[topicmapmail] PRD structure/content (Public Resource Descriptors)

Simon Grant asimong at btinternet.com
Wed Jun 21 03:10:45 EDT 2006


Having read the whole of Steve's (very useful) paper as well as the 
slides, I've changed the Subject line, because that is where I feel 
constructive discussion could focus. Recalling some extracts from 
Steve's earlier post...

At 14:16 2006-06-20, Steve Pepper wrote:
>I think we need to be very careful about what kind of 
>machine-readable content we suggest that people put in their subject 
>indicators (or Public Resource Descriptors, to use the terminology 
>of [1]).
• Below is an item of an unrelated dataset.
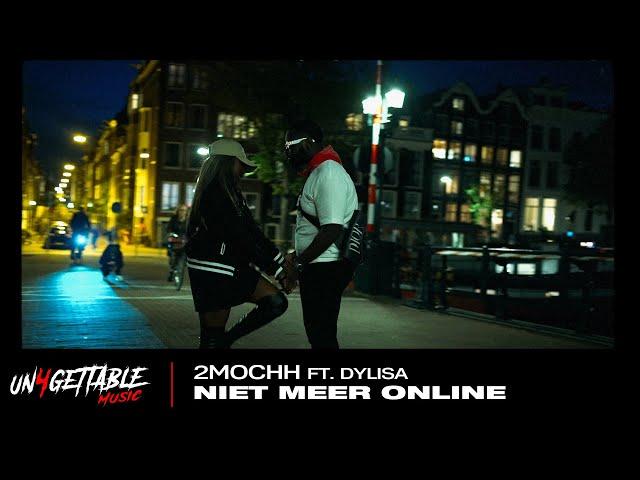 2Mochh - Niet Meer Online ft. Dylisa (prod.BK)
Having said that, some kind of referral mechanism, by which 
>publishers can deprecate their own (outdated) PSIs in favour of 
>others, would probably be useful.
>[...]
>In general I think we should encourage people to put as few 
>assertions as possible in their PRDs (subject indicators): the 
>purpose of a PSI/PRI is simply to help us know when we are talking 
>about the same thing, not whether we hold the same views about that 
>thing; including assertions (even "innocent" assertions such as 
>near-equivalence) are therefore not only irrelevant, they are 
>directly counter-productive.
>
>On the other hand, that kind of assertion could certainly be 
>justified as part of a service intended to aid PSI discovery.

I suggest:

1. deciding about how the structure and content of a PRD can help, in 
several ways
2. embodying that in a simple spec for XML docs that can be used with 
a CSS to produce an easily readable web page - a bit like FOAF I guess.
(The alternative would be an XHTML microformat: I wouldn't want to 
argue the point either way.)

My earlier suggestion, which amounts to including equivalent PRIs in 
a PRD, would help in two ways:
a) by aiding discovery of equivalent PRIs
b) by simply representing consensus (or lack of it) between different 
authorities in a machine-processable manner
c) by providing greater stability than any one domain provider can

To use Miles Thompson's example...
- a number of us could be interested in information about companies
- we could all publish PRI/Ds
- in cases where the company structure was very simple, we could all 
include each others' PRIs in our PRDs.
- in more complex corporate structure, someone could publish a set of 
PRI/Ds just to capture the structure of (say) IBM.
- others could choose, from the descriptions, the best one to include
- in actual topic maps, an author could choose a small number of PRIs

One other feature now seems really attractive to me: to include a 
statement of *non*-identical PRIs, where the purpose of the PRI/D is 
partly to distinguish a set of related or confusable subjects. 
Compare Wikipedia's disambiguation pages. This mechanism would also 
be a good way to enable one authority to distance themselves from 
another dubious authority who was either putting in spurious 
equivalences or inaccurate descriptions.

OK, I  won't go on to step 2 now, let's leave it at that, but just to 
say that there would be ways of finding documents with that 
particular XML format - even just with Google.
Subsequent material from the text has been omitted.